L’Inghilterra, un tipico stato multietnico, nel XVI e nel XVII secolo trovava perfettamente concepibile che il re non fosse neppure inglese e che non lo fossero gran parte dei suoi sudditi. E’ perciò coerente che gli indiani, pensati come nazioni dipendenti, se non come sudditi, siano stati trasformati giuridicamente in entità legali capaci di fare un trattato per liberare un territorio dal cosiddetto titolo indiano e garantirne l’occupazione legale (agli occhi delle potenze europee rivali). Gli indiani rientravano, quindi, all’interno del “corpo politico” del re come tributari o presunti tali.
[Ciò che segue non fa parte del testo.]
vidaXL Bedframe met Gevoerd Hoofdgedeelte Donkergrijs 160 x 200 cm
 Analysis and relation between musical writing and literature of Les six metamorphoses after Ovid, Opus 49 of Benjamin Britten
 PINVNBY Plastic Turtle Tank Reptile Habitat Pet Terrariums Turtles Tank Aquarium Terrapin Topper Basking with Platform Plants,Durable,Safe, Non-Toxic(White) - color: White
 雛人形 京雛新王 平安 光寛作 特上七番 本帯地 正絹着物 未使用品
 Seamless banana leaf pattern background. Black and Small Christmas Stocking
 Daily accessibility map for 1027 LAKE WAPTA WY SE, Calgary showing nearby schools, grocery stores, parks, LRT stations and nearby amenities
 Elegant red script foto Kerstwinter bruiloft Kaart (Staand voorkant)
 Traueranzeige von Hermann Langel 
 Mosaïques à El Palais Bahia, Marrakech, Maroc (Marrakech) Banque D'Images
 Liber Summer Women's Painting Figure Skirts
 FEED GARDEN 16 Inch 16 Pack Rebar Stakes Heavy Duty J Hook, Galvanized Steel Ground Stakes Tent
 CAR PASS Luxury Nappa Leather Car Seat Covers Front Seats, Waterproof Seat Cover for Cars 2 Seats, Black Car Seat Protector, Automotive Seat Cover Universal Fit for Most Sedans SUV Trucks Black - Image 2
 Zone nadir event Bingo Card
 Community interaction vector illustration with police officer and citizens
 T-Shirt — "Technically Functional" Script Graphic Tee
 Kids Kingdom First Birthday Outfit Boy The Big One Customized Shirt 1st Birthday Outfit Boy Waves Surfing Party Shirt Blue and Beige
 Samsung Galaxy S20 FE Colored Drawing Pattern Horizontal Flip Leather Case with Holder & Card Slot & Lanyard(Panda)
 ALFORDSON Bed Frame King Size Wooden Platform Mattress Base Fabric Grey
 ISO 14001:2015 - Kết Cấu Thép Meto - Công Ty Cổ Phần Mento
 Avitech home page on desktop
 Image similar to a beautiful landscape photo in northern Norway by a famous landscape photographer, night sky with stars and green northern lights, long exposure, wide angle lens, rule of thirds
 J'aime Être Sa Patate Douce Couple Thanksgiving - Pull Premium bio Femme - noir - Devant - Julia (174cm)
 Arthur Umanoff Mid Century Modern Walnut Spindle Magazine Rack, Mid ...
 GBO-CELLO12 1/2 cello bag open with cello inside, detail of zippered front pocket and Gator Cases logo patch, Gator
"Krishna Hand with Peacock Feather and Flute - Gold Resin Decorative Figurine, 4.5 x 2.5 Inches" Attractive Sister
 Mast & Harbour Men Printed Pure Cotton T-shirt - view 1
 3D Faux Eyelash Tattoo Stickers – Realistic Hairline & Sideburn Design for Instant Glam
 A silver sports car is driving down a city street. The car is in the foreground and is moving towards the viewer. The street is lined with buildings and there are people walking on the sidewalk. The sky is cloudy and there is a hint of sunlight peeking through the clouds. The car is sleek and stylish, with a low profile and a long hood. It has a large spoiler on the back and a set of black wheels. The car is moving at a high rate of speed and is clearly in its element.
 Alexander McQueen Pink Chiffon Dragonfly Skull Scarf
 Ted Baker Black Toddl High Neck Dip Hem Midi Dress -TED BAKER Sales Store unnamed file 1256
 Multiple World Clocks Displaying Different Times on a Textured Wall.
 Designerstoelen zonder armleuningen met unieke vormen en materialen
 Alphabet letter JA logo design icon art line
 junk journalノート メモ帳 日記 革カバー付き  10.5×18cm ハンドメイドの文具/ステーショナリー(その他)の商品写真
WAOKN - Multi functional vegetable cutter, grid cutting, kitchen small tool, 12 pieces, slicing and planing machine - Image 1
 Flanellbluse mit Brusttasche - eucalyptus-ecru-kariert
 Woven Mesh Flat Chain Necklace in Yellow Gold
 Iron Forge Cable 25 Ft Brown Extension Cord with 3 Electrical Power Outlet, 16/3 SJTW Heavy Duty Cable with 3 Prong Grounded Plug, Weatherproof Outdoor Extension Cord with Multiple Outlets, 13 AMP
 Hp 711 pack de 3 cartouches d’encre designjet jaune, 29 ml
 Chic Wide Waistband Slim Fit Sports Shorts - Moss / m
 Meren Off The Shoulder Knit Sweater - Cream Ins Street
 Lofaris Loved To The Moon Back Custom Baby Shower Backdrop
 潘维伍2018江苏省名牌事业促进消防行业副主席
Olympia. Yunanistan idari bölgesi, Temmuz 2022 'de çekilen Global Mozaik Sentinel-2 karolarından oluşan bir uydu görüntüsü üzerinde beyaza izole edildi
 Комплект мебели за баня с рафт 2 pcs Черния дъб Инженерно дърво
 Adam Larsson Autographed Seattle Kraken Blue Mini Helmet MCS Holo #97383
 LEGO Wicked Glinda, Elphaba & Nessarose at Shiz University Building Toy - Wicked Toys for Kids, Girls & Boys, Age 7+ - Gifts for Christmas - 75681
La Corona fece inviare una serie di doni al capo Powhatan la cui accettazione avrebbe dovuto comportare il riconoscimento del tributo da parte del capo. Questo evento si ripeté nel caso di una discendente di capo Powhatan, Cockacoeske “regina” dei Pamunkey della Virginia, che venne risarcita dei danni subiti durante la cosiddetta Ribellione di Bacon nel 1680. Altri capi fedeli vennero premiati con doni calibrati puntigliosamente a seconda dell’importanza politica e del rango. “Così parecchi dei gruppi indiani tributari dovevano essere posti sotto il dominio dei Pamunkey e tutti i tributari dovevano risolvere le differenze di opinione attraverso l’arbitrato di fronte al governatore” (McCartney 1989:184) .
La tecnica della “nazione favorita” che è riconosciuta preminente di una rosa di tributari venne applicata con molta efficacia dagli inglesi con la Lega degli irochesi, la cui entità politica è tanto frutto di uno sviluppo autoctono quanto della fantasia dei politici coloniali e dei Soprintendenti inglesi. Questa politica portò alla Pennsylvania e a New York notevoli vantaggi e concretizzò la presenza inglese nella valle dell’Ohio (area dell’attuale Pittsburg) in funzione antifrancese.

Hobsbawm, Eric J. Nazioni e nazionalismi dal 1780. Programma, mito, realtà, Einaudi, Torino 1991, p21.
Churchill, Ward, American Indian Self-Governance: Fact, Fantasy, and Prospects, in Z Magazine, ottobre 1991, p.86.
McCartney, Martha W., Cockacoeske, Queen of Pamunkey: Diplomat and Suzeraine, in Wood, P. H. et al., Powhatan’s Mantle. Indians in Colonial Southeast, University of Nebraska Press, Lincoln, 1989, p. 184.